The decision, at an extraordinary Southern African Development Community (SADC) meeting, ended the worst political crisis since the administration was formed in February.
"We have suspended our disengagement from the GPA (Global Political Agreement) with immediate effect and we will give President Robert Mugabe 30 days to implement the agreement on the pertinent issues we are concerned about," he told reporters after a regional summit.
Tsvangirai’s Movement for Democratic Change (MDC) began boycotting cabinet meetings with Mugabe’s ZANU-PF last month in a dispute over the implementation of the power-sharing deal they reached after a disputed election.
Western donors are reluctant to send funds to Zimbabwe until a stable government creates a democracy that can implement political and economic reforms.
The meeting summit attended by Swaziland’s King Mswati III, Mozambican President Armando Guebuza, Zambian President Rupiah Banda and President Jacob Zuma of South Africa urged Zimbabwe’s political leaders to "engage in a dialogue with immediate effect".
Old foes Mugabe and Tsvangirai also took part.
Asked what would happen if Mugabe did not fully implement the power-sharing, Guebuza said the next round of talks would be evaluated and then a decision would be made on how to proceed.
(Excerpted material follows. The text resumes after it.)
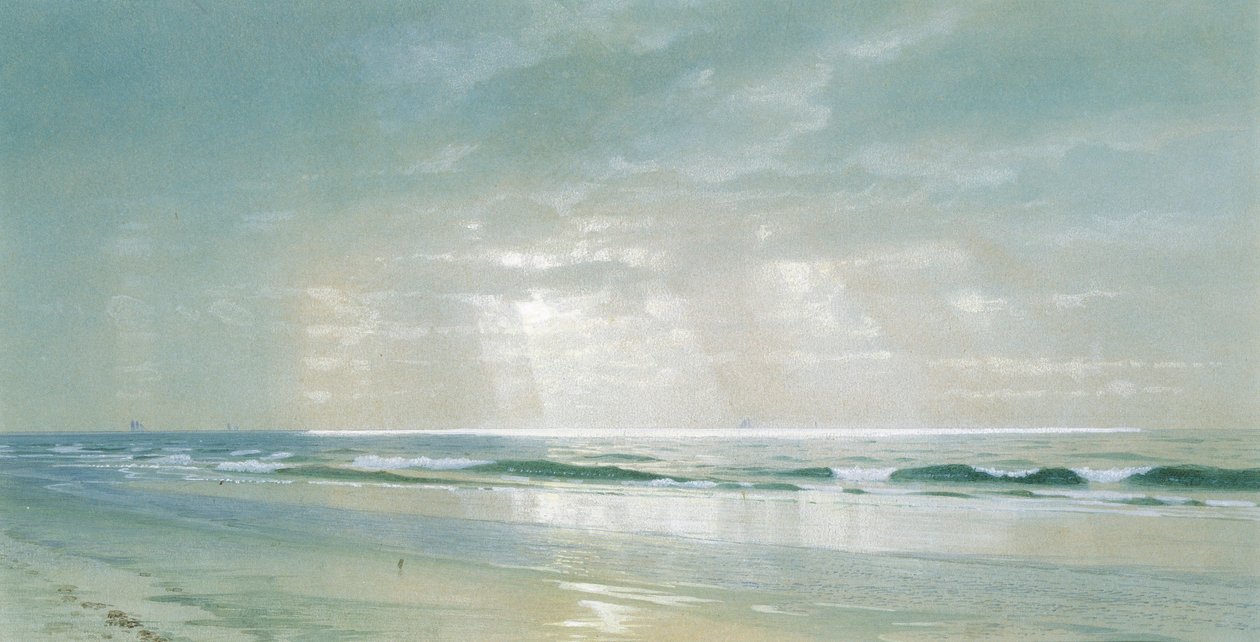 Les vagues - William Trost Richards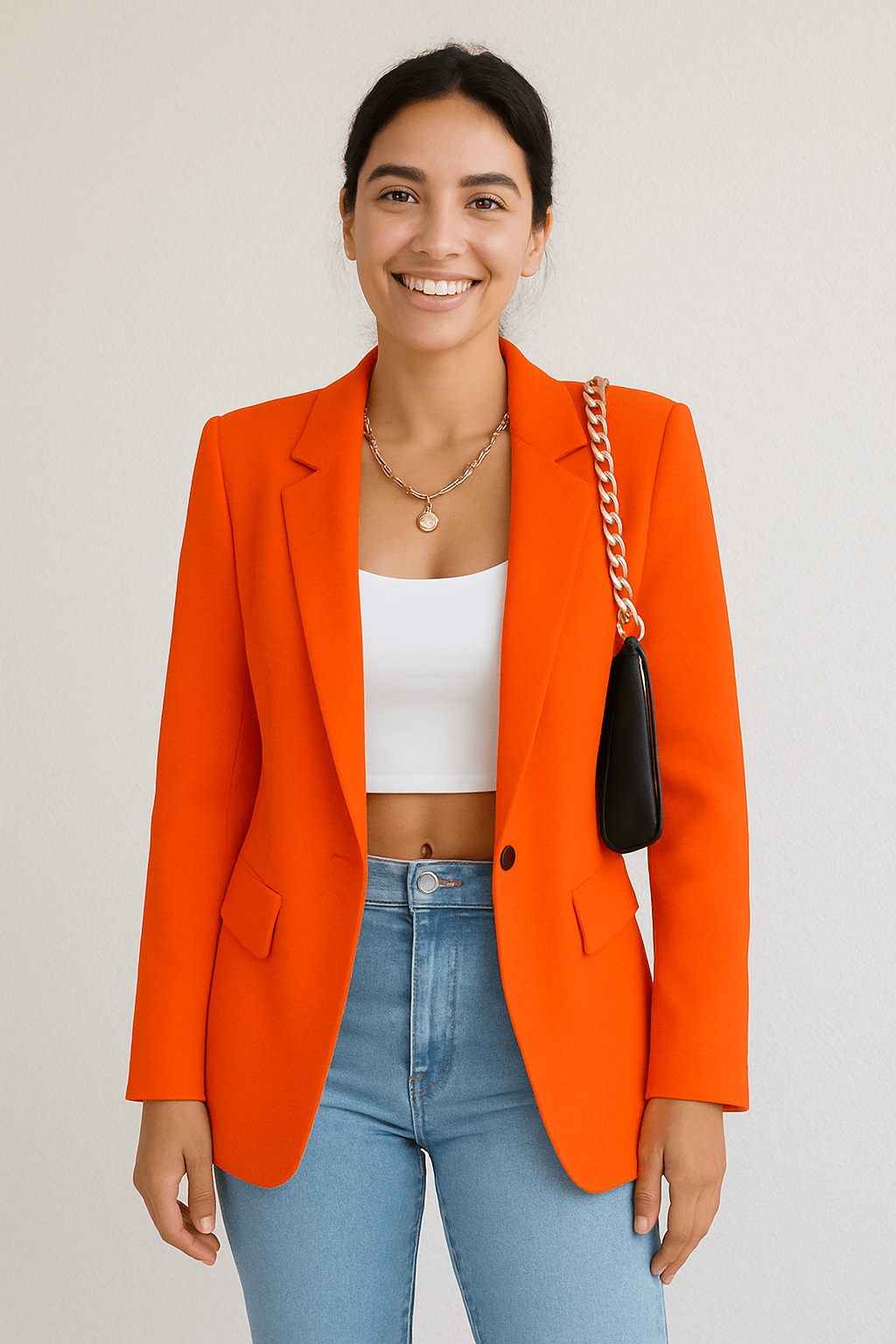 ChicTailor Women’s Fitted Blazer – Elegant Single-Breasted Jacket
He did not elaborate.
Zimbabwe’s government has managed to stabilise an economy ravaged by hyperinflation, but is still severely strained by political disputes likely to keep foreign investors away.
Tsvangirai has accused Mugabe of being a "dishonest and unreliable partner" for refusing to implement power-sharing fully, particularly regarding senior appointments such as the central bank governor and the attorney-general.
The MDC also accuses ZANU-PF of persecuting MDC officials and holding back media and constitutional reforms which are vital for holding free and fair elections in about two years.
Mugabe says he has met his side of the deal and insists the MDC must campaign for the lifting of Western sanctions against his ZANU-PF, including travel restrictions and a freeze on general financial aid to Zimbabwe.
Instability in the new government was highlighted last month when a U.N. human rights expert was detained at Harare airport by Zimbabwean security agents, even though he said he had been invited by Tsvangirai.
Human Rights Watch has urged SADC leaders to press Mugabe’s ZANU-PF to end what it called "ongoing human rights abuses".
"Recent reports that ZANU-PF continues to arrest and harass human rights and civil society activists should act as a warning to the regional leaders that Zimbabwe may slide back into violence and chaos if they do not take decisive action," said Georgette Gagnon, Africa director at Human Rights Watch.